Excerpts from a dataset

+++

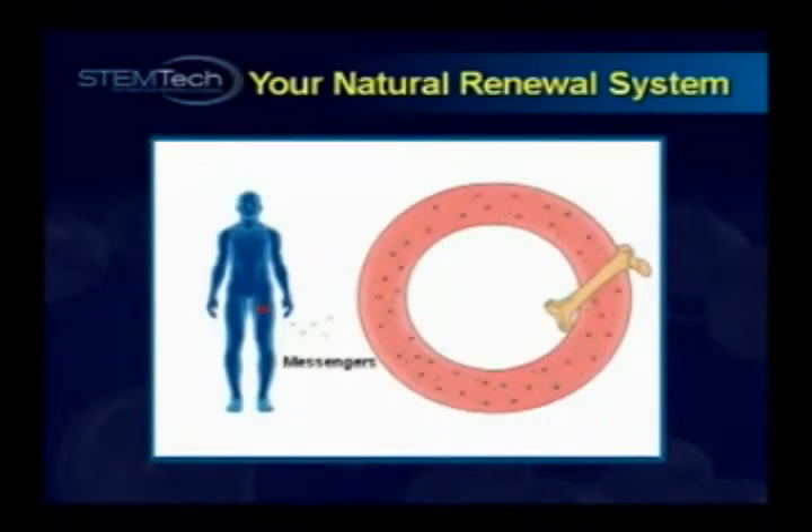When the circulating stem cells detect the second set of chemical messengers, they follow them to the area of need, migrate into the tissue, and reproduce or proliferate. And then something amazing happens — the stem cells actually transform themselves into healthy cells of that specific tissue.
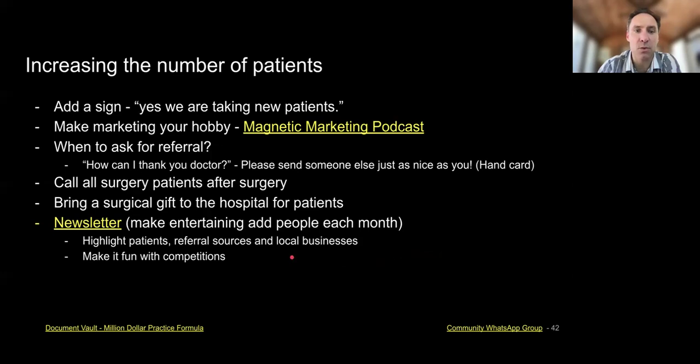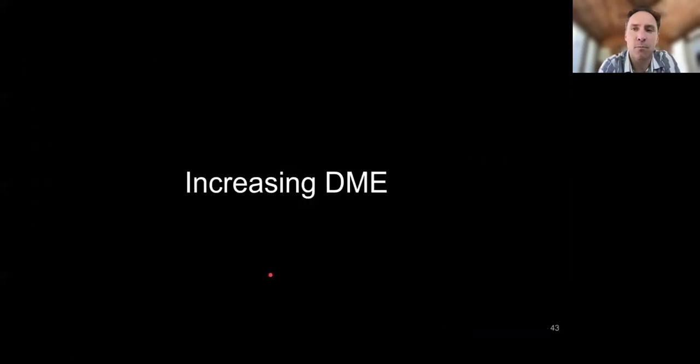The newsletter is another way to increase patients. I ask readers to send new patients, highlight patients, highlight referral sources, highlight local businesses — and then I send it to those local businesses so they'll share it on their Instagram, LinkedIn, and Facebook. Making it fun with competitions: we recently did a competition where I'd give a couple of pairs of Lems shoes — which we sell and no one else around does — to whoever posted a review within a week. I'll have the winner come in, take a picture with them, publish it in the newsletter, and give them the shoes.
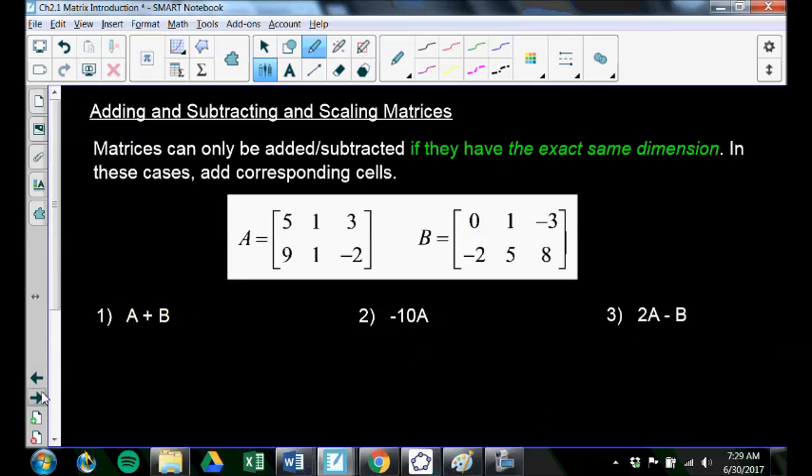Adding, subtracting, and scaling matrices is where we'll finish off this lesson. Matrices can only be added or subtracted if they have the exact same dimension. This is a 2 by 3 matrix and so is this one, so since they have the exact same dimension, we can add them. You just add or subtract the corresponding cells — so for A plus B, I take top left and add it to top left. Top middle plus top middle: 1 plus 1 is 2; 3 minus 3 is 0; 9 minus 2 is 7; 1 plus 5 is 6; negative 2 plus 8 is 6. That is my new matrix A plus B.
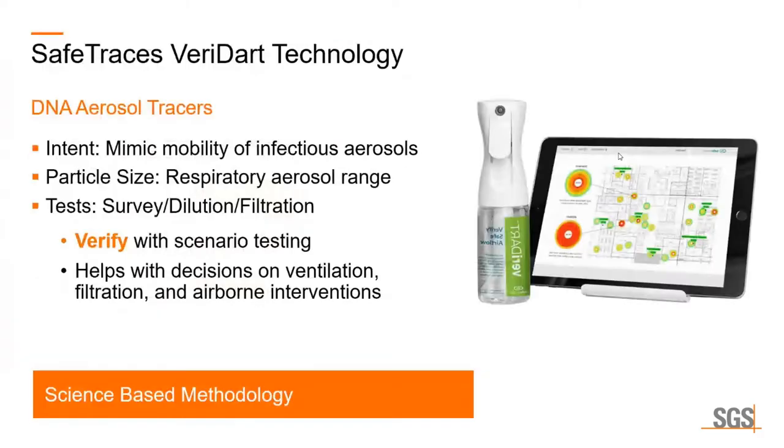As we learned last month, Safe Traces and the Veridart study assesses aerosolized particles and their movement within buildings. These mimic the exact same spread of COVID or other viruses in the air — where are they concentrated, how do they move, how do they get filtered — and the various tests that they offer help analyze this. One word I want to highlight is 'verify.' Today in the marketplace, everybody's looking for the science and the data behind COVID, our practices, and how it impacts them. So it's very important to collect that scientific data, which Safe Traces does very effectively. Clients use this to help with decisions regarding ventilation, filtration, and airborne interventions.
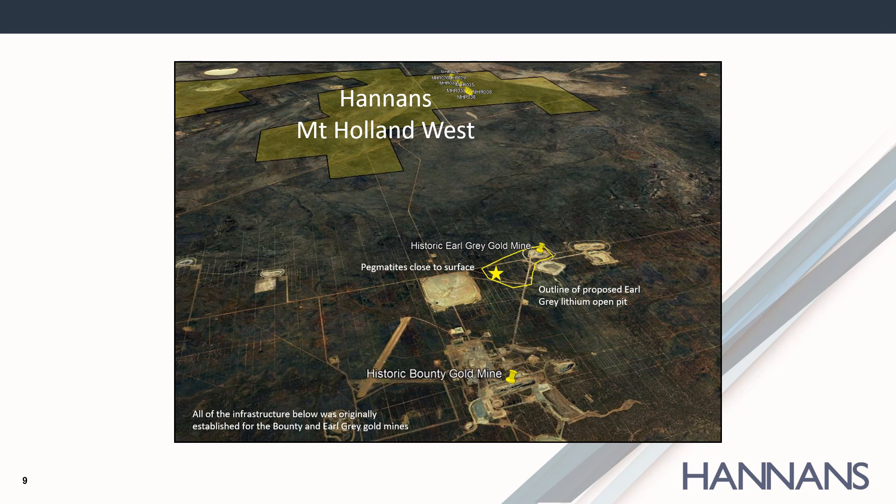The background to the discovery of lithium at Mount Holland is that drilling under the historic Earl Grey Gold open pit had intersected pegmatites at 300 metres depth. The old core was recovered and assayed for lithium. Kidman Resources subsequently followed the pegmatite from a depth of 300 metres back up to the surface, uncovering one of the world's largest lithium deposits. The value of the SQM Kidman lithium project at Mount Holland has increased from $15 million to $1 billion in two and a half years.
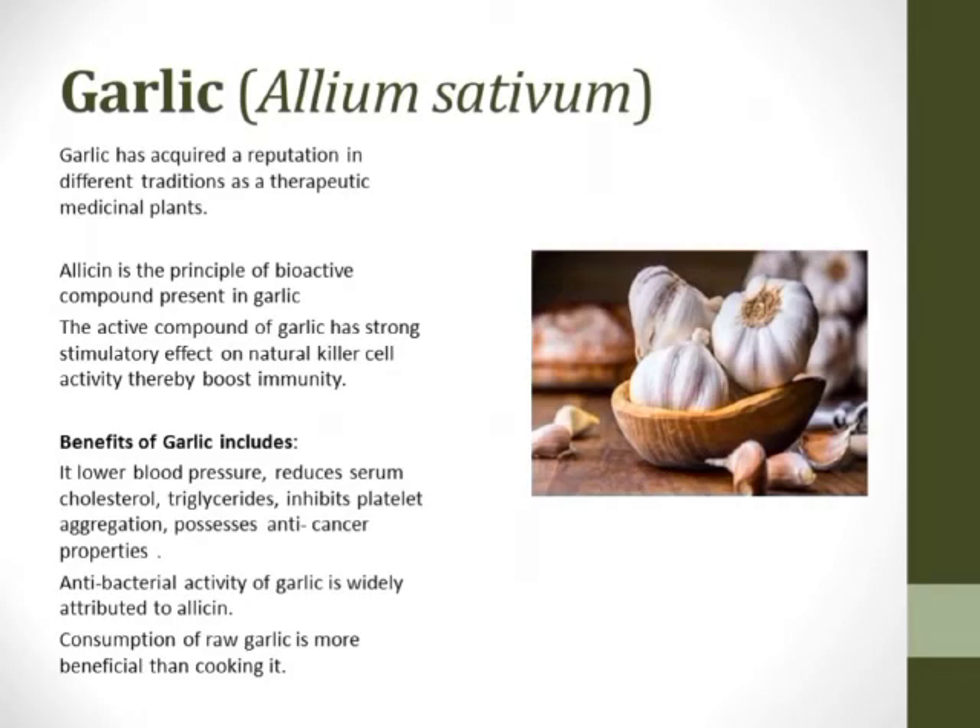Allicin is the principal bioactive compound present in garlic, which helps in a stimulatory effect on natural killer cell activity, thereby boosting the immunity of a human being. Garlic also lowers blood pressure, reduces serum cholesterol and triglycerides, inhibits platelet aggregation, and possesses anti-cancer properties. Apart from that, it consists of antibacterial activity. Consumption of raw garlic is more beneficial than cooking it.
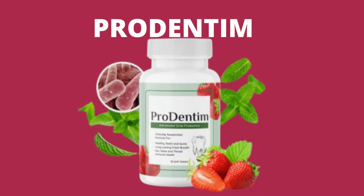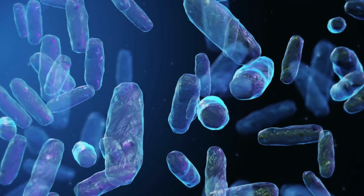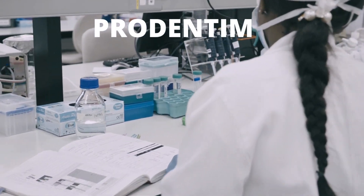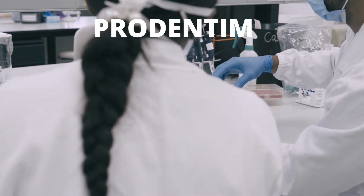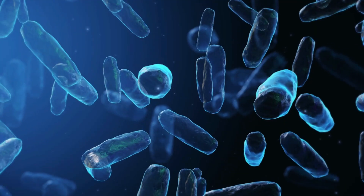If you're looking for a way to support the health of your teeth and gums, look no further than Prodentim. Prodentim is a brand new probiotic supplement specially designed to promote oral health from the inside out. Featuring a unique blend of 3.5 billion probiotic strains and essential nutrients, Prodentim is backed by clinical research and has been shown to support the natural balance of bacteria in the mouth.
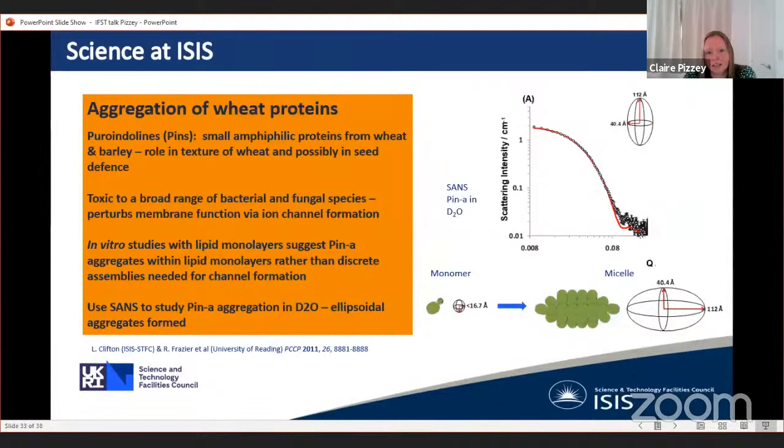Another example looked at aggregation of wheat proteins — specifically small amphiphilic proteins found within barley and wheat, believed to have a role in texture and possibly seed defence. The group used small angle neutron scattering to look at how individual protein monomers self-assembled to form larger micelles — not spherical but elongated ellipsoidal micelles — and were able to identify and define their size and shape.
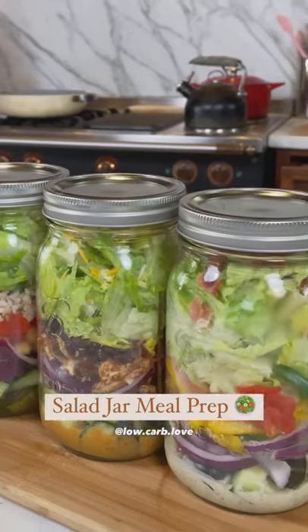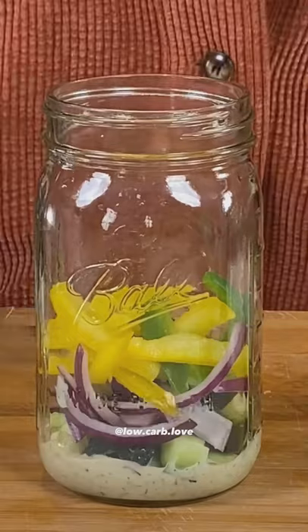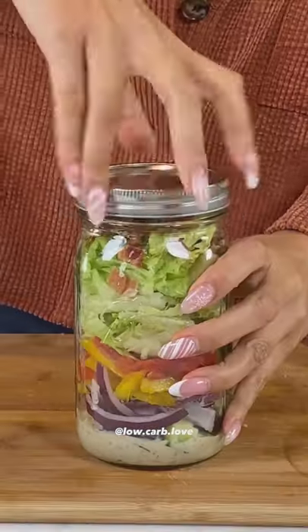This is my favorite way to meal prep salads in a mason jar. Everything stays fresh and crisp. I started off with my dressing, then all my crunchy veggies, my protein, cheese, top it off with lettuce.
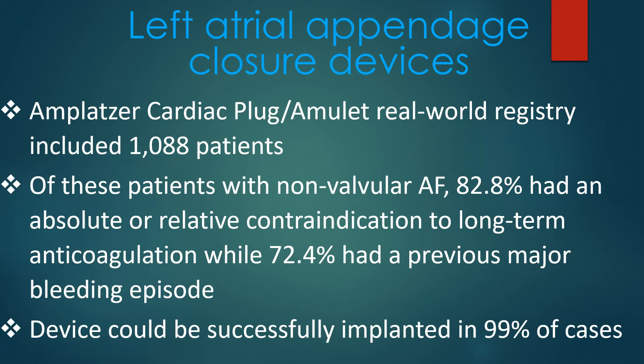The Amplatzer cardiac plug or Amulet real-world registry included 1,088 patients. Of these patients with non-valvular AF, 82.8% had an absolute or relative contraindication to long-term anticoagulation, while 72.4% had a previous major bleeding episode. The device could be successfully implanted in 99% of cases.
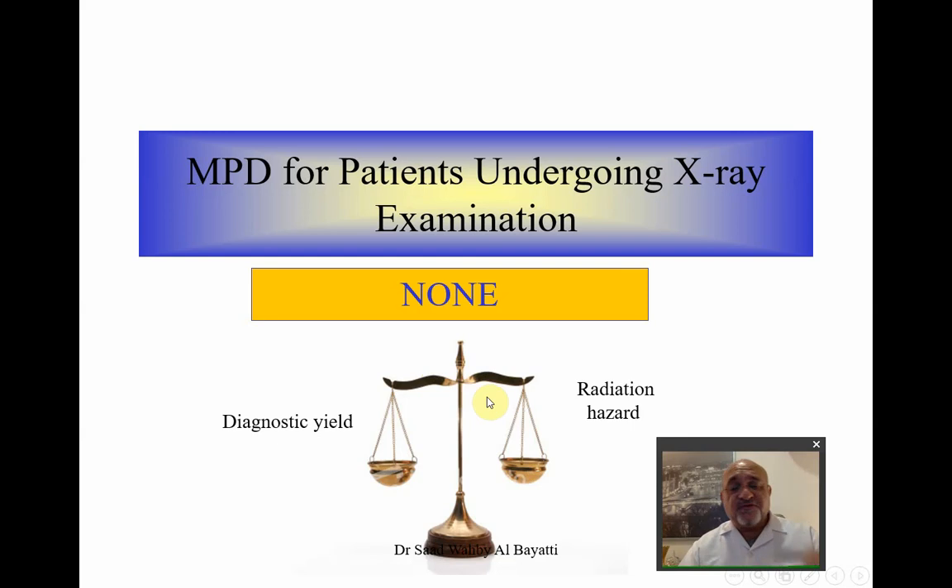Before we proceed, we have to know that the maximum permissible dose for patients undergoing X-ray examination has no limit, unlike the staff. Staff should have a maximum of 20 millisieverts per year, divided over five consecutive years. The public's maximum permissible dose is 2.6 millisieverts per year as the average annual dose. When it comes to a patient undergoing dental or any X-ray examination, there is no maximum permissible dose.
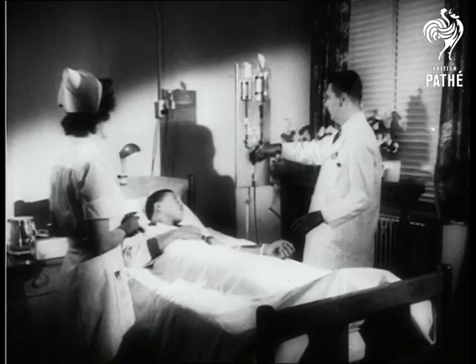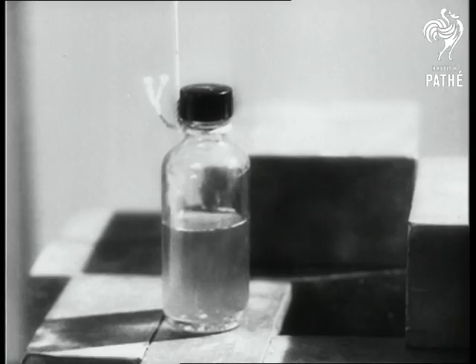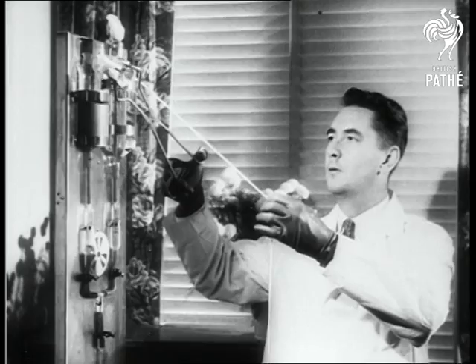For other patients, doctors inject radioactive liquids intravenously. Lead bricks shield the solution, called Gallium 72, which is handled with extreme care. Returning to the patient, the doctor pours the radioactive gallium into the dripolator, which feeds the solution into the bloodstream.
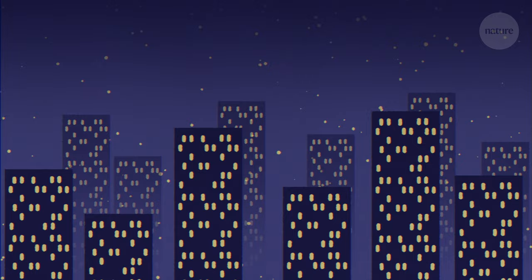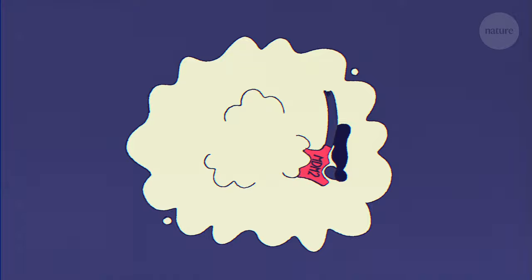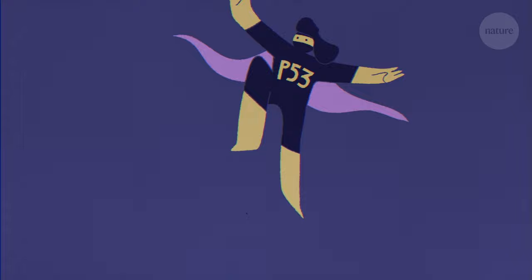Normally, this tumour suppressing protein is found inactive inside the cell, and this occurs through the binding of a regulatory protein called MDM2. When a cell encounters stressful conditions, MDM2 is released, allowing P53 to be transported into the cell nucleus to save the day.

+++

After dropping the pictures, reproduce exactly the lines from the first line of the entries through the line containing "The newsletter is", both included.

**Result of this exercise**
When the circulating stem cells detect the second set of chemical messengers, they follow them to the area of need, migrate into the tissue, and reproduce or proliferate. And then something amazing happens — the stem cells actually transform themselves into healthy cells of that specific tissue.
The newsletter is another way to increase patients. I ask readers to send new patients, highlight patients, highlight referral sources, highlight local businesses — and then I send it to those local businesses so they'll share it on their Instagram, LinkedIn, and Facebook. Making it fun with competitions: we recently did a competition where I'd give a couple of pairs of Lems shoes — which we sell and no one else around does — to whoever posted a review within a week. I'll have the winner come in, take a picture with them, publish it in the newsletter, and give them the shoes.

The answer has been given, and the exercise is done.